The shocking true story of the German monarchy's collaboration with the Nazis -- already a bestseller in Germany, now available in English for the first time.
Winner of the German Non-Fiction Prize 2022
"Malinowski's work is a near-masterpiece, relating a story not synthesized in this way before--and about which any number of self-serving myths exist." -- Simon Heffer, The Telegraph
"Stephan Malinowski's brilliant book strikes a balance between the forensic analysis of individual behavior and a new understanding of how the toxic political culture of a defeated monarchy helped to disrupt democracy in Germany." -- Christopher Clark
When Kaiser Wilhelm II fled into Dutch exile in November 1918, the disappearance of the Hohenzollern dynasty seemed one of the most sudden and complete downfalls in modern history. But that is not the full story.

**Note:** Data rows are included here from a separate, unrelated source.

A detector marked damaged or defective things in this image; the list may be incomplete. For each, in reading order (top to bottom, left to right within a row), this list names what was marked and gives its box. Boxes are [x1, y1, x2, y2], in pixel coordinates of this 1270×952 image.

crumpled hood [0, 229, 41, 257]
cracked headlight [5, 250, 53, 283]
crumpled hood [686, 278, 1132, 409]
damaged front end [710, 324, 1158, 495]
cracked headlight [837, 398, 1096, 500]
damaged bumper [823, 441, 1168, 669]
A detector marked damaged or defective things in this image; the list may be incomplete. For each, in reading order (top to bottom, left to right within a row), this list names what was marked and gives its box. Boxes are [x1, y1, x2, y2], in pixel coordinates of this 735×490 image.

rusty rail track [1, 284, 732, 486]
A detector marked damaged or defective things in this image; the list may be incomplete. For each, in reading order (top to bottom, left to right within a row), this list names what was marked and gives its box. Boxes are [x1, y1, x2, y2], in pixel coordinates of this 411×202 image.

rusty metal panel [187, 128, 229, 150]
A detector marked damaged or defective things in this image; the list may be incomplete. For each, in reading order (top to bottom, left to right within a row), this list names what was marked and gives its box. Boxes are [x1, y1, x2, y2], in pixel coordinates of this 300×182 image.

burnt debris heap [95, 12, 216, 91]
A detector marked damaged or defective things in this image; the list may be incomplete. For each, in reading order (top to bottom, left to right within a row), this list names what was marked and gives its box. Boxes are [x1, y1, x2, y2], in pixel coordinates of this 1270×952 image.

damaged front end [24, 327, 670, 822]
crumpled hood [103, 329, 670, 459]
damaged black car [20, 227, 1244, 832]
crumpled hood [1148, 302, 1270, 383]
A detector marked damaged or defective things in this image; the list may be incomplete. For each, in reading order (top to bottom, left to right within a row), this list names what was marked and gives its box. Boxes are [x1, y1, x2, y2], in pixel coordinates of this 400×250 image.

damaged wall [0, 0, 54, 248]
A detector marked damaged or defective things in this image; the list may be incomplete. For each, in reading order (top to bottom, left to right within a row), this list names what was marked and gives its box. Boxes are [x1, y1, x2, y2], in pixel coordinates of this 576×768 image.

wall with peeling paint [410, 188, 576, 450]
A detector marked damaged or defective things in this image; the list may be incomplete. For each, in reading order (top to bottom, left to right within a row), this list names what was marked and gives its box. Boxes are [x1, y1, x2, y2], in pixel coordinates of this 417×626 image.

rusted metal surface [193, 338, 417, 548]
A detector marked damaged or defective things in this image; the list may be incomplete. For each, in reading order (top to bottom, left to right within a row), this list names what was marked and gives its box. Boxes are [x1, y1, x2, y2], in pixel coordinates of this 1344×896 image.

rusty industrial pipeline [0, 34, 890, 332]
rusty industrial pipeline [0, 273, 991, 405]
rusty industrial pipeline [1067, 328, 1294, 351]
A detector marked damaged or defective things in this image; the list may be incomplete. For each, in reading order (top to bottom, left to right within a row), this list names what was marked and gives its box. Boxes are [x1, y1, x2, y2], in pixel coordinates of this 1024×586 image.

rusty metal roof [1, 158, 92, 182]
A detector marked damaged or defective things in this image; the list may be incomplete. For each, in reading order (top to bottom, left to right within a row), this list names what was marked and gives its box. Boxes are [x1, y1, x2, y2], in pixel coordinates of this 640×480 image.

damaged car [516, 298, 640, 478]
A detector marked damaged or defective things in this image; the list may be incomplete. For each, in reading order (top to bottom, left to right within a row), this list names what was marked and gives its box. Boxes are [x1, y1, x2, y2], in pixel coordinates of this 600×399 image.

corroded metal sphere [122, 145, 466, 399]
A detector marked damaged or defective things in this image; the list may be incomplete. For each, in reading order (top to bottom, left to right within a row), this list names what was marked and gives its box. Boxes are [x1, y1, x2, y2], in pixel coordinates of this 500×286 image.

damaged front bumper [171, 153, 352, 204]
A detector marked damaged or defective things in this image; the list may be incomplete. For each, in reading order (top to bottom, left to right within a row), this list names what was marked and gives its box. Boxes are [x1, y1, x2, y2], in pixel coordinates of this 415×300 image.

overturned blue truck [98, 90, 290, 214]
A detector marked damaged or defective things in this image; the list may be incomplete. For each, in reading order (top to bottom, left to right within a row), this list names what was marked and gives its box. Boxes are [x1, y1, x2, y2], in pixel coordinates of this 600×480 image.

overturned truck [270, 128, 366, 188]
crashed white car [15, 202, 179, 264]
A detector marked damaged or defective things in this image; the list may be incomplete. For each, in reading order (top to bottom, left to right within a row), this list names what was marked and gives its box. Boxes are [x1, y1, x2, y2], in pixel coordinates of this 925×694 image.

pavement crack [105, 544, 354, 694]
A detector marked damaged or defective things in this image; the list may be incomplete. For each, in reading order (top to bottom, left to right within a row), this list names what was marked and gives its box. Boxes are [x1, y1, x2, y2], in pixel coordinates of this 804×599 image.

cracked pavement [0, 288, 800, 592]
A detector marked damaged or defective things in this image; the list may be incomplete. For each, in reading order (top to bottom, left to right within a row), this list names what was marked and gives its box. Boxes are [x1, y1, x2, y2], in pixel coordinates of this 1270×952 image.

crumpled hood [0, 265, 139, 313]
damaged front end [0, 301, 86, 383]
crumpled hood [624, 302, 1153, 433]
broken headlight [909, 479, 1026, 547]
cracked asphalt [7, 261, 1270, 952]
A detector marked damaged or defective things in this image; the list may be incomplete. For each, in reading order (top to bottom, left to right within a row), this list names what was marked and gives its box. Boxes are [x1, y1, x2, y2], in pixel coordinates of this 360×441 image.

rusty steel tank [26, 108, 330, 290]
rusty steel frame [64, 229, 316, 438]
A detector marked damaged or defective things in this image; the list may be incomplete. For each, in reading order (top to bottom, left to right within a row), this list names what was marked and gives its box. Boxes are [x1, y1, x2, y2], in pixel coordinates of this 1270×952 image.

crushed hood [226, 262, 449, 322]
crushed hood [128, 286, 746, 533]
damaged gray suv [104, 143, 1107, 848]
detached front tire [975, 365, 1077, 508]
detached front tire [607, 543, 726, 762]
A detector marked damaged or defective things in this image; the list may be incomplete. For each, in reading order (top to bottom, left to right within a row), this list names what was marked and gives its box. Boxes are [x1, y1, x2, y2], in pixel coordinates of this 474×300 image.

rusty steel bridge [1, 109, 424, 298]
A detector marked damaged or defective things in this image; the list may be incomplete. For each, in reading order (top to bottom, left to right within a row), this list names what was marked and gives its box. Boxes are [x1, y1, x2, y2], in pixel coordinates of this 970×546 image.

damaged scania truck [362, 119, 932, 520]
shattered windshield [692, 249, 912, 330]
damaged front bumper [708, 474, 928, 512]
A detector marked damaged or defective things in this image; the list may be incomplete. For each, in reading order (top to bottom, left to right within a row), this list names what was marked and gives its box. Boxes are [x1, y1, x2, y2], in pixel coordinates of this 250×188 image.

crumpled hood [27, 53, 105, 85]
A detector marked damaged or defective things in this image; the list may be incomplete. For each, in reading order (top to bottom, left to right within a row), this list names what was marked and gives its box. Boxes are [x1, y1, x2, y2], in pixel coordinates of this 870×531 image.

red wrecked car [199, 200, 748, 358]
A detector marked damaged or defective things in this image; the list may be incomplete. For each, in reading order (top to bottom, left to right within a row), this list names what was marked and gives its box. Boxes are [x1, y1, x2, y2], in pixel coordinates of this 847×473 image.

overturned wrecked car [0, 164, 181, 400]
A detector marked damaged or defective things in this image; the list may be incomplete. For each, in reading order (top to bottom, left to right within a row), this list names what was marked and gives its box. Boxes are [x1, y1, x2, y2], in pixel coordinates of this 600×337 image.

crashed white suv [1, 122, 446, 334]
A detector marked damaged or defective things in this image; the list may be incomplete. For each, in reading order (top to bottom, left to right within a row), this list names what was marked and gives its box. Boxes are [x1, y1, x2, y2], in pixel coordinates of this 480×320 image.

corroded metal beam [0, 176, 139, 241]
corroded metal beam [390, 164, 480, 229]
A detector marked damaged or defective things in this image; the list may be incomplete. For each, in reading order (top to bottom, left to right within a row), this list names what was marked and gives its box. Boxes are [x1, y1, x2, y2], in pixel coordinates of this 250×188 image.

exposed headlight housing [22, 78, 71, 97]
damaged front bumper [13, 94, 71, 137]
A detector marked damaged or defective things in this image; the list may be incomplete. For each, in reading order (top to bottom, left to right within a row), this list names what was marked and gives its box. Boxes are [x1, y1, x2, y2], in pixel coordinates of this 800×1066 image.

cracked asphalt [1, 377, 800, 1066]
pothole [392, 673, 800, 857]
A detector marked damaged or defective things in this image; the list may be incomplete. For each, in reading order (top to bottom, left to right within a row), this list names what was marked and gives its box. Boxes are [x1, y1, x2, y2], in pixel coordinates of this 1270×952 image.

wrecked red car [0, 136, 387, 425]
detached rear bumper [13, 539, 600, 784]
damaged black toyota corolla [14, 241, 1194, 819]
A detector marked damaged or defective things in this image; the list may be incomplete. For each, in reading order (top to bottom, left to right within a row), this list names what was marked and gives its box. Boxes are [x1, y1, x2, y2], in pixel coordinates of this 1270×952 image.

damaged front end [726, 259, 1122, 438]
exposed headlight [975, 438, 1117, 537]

Stephan Malinowski's The Hohenzollerns and the Nazis is a groundbreaking work of historical recovery. It reveals how both the Weimar Republic and the Third Reich found it useful to publicly dismiss the former royal family, even as the Hohenzollerns themselves actively despised the republic and embraced the Nazi regime. Their lingering prestige among conservative Germans helped shape public attitudes and contributed to the nation's tragic political descent.
With forensic precision and often shocking insight, Malinowski demonstrates that far from being irrelevant or absurd relics, the Hohenzollerns stood at the center of Germany's unraveling. Though stripped of power, they remained influential--encouraging conservative Germans to reject democracy and, ultimately, to abandon their own moral and political traditions.
The Hohenzollerns and the Nazis is both a devastating portrait of a deluded royal family and a vital reexamination of how their actions helped pave the way for Hitler's rise.